In this season of oh-so-Amerikkan grief and violence, I keep running across internet writers who ask: is this like 1968? No, it isn't. Both the violence and our country's inability to understand what was breaking apart and what was being born were far greater then. I remember.

But I've seen only one internet-era writer (there are certainly others) discuss another comparison.

... This isn’t 1992, when another case of police brutality sparked one of the worst conflagrations ever to strike an American city.

Jamelle Bouie, Slate

He's referring to the filmed beating of Rodney King by the Los Angeles Police Department and the subsequent acquittal of the cops caught on the tape banging away on the prostrate motorist's body. This too was no 1968, but in addition to the raging fires in black LA, there were righteous disturbances in many other cities including San Francisco. I know -- I was out in that one; it was a fine multi-cultural uprising without serious damage except to a few stores.

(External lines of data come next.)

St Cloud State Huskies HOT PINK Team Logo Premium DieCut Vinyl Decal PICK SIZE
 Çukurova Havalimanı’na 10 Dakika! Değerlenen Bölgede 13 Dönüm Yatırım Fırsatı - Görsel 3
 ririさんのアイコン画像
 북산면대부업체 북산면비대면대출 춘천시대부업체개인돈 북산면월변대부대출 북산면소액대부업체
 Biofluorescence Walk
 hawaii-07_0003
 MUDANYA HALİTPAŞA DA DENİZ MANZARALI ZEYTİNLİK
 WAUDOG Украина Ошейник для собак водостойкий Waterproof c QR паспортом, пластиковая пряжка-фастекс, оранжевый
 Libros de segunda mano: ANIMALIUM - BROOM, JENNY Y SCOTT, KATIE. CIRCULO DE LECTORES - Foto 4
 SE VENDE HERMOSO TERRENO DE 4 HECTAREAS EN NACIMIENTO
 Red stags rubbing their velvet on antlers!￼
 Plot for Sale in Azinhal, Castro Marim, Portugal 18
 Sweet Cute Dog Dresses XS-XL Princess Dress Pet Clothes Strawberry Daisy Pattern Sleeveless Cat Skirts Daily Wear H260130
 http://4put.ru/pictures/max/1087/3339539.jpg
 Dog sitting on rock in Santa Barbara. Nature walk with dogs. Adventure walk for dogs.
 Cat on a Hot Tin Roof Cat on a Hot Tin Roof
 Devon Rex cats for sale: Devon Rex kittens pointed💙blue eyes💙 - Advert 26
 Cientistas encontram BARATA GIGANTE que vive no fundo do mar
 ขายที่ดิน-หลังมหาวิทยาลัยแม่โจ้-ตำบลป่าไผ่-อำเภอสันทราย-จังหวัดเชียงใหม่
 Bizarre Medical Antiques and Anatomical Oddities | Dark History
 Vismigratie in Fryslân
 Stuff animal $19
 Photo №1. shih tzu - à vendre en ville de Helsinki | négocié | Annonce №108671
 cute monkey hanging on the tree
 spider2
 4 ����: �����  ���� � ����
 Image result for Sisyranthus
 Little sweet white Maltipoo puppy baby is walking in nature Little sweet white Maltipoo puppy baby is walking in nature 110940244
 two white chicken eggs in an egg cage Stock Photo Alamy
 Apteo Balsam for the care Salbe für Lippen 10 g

Over this last Fourth of July weekend, I streamed all 7.5 hours of O.J.: Made In America. The ESPN documentary is worth the time, especially the first episode which explores how a star football player from the projects on San Francisco's Potrero Hill became the celebrity without "race" -- just O.J. -- in a city where the police department was at war against its large African American population.

Somehow I missed most of the subsequent "O.J." part of the story at the time. I mean, the guy was a great runner on two NFL teams that I followed, the Bills and the 49ers. But once he retired and became a "sideline bimbo" (an on-field reporter where too often looks matter), I forgot about him. I've never been able to comprehend the appeal of celebrities, people who are just famous for being famous, which is what he matured into. So I missed the famous chase of the white Bronco carrying O.J. on the freeways. I didn't watch a minute of the nearly year long trial though I must have caught rumors that one of the police witnesses was impeached as an out and out racist. And, though I assumed O.J. killed his wife and her friend, I was not surprised or (properly as I think now) distressed by his acquittal. I just assumed an LA jury made mostly of Black women would seize the chance take a whack at the LAPD.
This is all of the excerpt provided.